Hace muchos, muchos años, más de los que yo quisiera transcurridos, pero menos de los que quisiera celebrar, fui invitado por Noni (José Antonio Benítez Santos) a acompañarle a algo así como lo que los francoparlantes llaman soirée y los angloparlantes party; pero que ni se lleva ni tiene nombre entre españoles. Una mujer, Queta, actriz afincada en Barcelona pasaba unos días en Madrid e invitaba a sus amigos a eso, a una soirée; o sea, a tomar una copa en su casa a eso de las ocho de la tarde. El día se prestaba, era uno de esos de tonos grises típicos del otoño madrileño. Noni estudiaba arte dramático y canto en el Real Conservatorio de Música y Declamación, de la calle San Bernardo, en Madrid, y Queta, que resultaría ser Queta Ariel (realmente, Enriqueta Cobo) estaba entre sus compañeros de viaje de aquel tiempo. Del marido (creo yo) de Queta, aparentemente más joven que ella, no recuerdo más que el apellido: San Francisco. Era uno de esos tantos actores, chusqueros o de carrera, que pululaban por las noches de un Madrid bohemio y lleno de ensoñaciones.

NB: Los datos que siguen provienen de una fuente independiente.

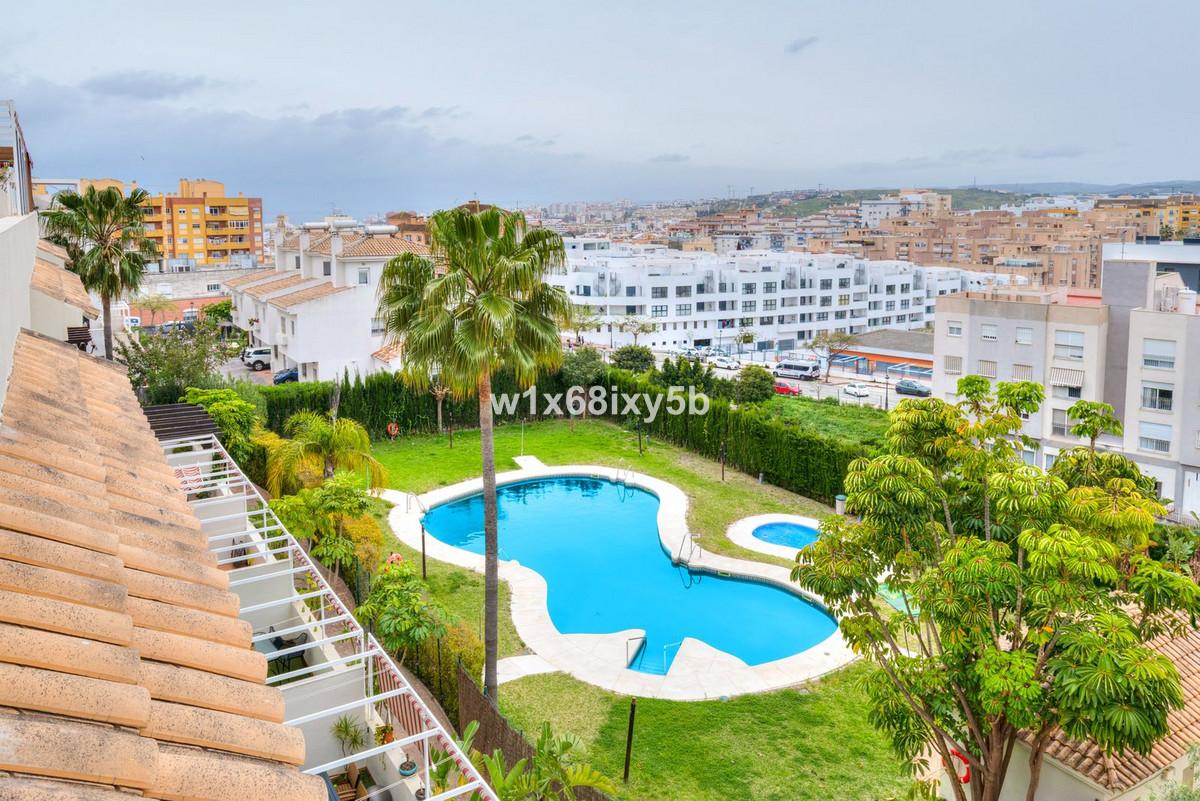 Apartment Penthouse Duplex in Estepona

Un niño rubio con cara de pícaro dieciochesco alternaba los brazos de su madre, Queta, con pequeñas carreras sorteando a los que estábamos allí: gente de teatro, de poca fortuna, periodistas en trance de serlo y poetas de un par de docenas de poemas y miles de sueños. Yo también estaba en eso, en el periodismo de tres al cuarto y en el TEU, es decir, en el Teatro Español Universitario. No sabría reencontrar la casa, pero recuerdo que estaba en las proximidades del María Guerrero y a unos metros del café Gijón. Noni combinaba una buena voz de tenor con cualidades innatas para la interpretación. Sin embargo, un buen día se volvió a su pueblo y el mío, montó una pequeña librería en el callejón del Ritz, adonde estuvo El Estrecho, uno de los bares más recoletos entre los que hemos disfrutado en Algeciras, y aparcó sus viejos sueños de artista. Consiguió una plaza en el Instituto, y además de contribuir a la creación del Museo Municipal y escribir unas cuantas cosas, dirigió su futuro a la docencia, que continuó en Sevilla hasta su jubilación.

Ese niño rubio con cara de pícaro, que aquella tarde era el único que no había pensado en serlo, sí llegó a ser actor. Se llamaba Enrique San Francisco y se ha muerto el otro día, después de una vida tan dura como agitada. Al recordarlo con nostalgia, lo he sentido con pena y como si fuera cosa propia.